This is the proper way to handle anger

Of all emotions, anger is the most viral. It’s more contagious than joy and more deadly than sadness. It is mostly considered as a secondary emotions because it began as fear or pain then graduate within few seconds to anger.

Once the pains or fear start, amygdala in your brain triggers the release of Adrenaline and other stress hormones. The resulting impulses cause a change in your face, narrow down your thoughts and if you can’t control your mouth, you may start voicing out things you will later regrets.

The  graduation from pain to anger involves a collection of thoughts in your brain. “Why is she acting up?” “I can’t take this” then corner you into a self protection mode. Some people vent out their anger and move on immediately, some people suck it in and prolong it. According to some research, if you continuously tamp down your anger, it can lead to a prolong stress which will leave you prone to diseases by interfering with your immune system ability to regulate inflammation through out the day.

Moreover holding on to anger is like a ticking time bomb and could jack up your blood pressure and heart beat immediately. Anger contribute to depression and anxiety, it is related to headache, irritable bowel syndrome which are all exacerbated by persistent high level of stress.

So how do you handle anger ?

It is important that you understand this basic truth. Anger is a like a floating sign telling you that something is wrong and you need to address it. Once this sign present itself, it either you accept it, think and react or you ignore it and leave with the consequences.

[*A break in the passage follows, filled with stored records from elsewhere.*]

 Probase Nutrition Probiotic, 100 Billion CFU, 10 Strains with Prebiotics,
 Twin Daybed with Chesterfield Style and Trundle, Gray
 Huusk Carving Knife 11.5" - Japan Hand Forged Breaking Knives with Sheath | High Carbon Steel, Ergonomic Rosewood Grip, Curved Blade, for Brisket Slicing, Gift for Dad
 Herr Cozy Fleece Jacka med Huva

If anger arises, the following steps can help;

  1. Breathe deeply

Take a deep breath , more than once to suck in any negative response and allow your body to fully understand the situation.

  1. Observe your body sensation.

All organs in our body is interconnected, your legs may try to walk, your hands may want to hit, your mouth may want to speak. Observe your body sensation and fully take charge of the situation.

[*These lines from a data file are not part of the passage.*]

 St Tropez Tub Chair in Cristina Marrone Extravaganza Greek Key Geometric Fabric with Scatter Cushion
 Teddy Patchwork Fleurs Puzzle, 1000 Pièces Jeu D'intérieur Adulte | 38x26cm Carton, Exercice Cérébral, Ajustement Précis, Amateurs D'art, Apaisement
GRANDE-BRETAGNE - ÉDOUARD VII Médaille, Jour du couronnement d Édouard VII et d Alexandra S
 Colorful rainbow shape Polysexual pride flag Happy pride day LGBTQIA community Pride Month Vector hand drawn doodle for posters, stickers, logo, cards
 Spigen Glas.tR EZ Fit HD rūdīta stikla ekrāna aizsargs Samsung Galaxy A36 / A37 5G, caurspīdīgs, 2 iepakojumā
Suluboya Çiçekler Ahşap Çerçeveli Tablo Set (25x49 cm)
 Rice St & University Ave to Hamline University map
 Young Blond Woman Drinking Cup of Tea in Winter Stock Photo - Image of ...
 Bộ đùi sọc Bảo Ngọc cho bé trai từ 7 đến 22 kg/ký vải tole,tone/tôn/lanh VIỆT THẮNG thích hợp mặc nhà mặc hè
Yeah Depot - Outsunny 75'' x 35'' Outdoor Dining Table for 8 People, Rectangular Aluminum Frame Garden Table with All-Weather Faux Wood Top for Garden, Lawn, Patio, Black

  1. Leave the scene if you must

If the scene is heated up, its very important that you excuse yourself from the scene take a walk, think over it before returning back to settle it.

  1. Try and reset yourself.

This is very important, you need to be fully aware of the situation, and make sure you reset yourself to fully understand what actually happens and think of ways of fixing it without hurting yourself.

  1. Address it

Don’t allow it to pass on to the next day, the thought of it can drain your energy and leave your immune system open for attack. If you are at fault, apologies, talk it over with the person and move on, if you are not at fault, explain in cleat terms the whole situation with the person involved, find a common ground and move on.